MARIA DUARTE is awestruck by a psychedelic sci-fi adventure about a Chinese-American immigrant trying to keep body and soul together as she goes about saving the world

Everything Everywhere All At Once (15)
Directed by Daniel Kwan and Daniel Scheinert

 

IT ISN’T the easiest of titles to remember, but you won’t forget this psychedelic, mind-blowingly bonkers sci-fi adventure with hidden social and philosophical depths. An exhausted middle-aged Chinese-American immigrant battles a family drama, tries to keep her laundrette business afloat along with her marriage and tackles generational divides while being propelled through multidimensional universes (Marvel, watch and learn) in order to save the world. Or it’s just about a woman trying to do her taxes while being hounded by an officious jobs-worth of an IRS agent (played brilliantly by Jamie Lee Curtis).

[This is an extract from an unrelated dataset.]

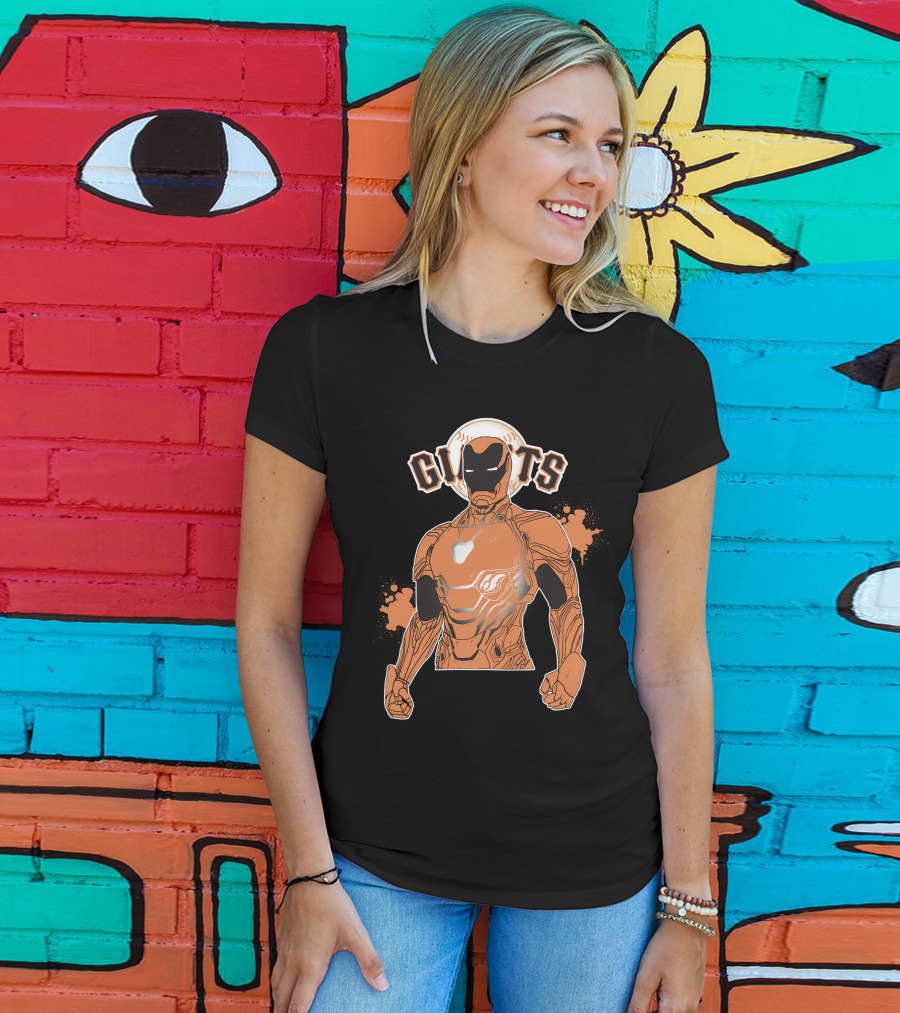 Iron Man Giants Mashup San Francisco Giants Orange And Black Superhero Crossover T-Shirt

It’s all of those things and so much more, but equally difficult to quantify and categorise — one of the most ingenious, innovative and surprising films in a very long time; it is also funny and terribly moving while proving an endless visual assault on the senses, tricky to keep up with at times.

Written and directed by Daniel Kwan and Daniel Scheinert — known as “the Daniels” apparently — it stars the tour de force that is Michelle Yeoh as the long-suffering Evelyn Wang, the reluctant saviour who travels through past lives (including one where she has long sausage fingers) she might have led in order to obtain the skill set (including killer martial arts techniques) to save everyone from an evil force which has taken over her lesbian daughter Joy (Stephanie Hsu).

At the same time about to be served divorce papers by her husband (Ke Huy Quan from Indiana Jones and the Temple of Doom), she reflects on the rich and successful worry-free life she could have led if she hadn’t married at a young age.

Yeoh is truly amazing in a role, which shows off all her extraordinary acting abilities, both comic and dramatic, with kick-ass kung fu moves to boot. She is a class act as this immigrant woman facing a mid-life crisis (or not) as she desperately tries to juggle numerous balls and keep her head above water while getting no help from her family.

Exquisitely acted, this is an insane, multilayered film which will keep you guessing until the very end but, which needs to be seen on the big screen, possibly more than once.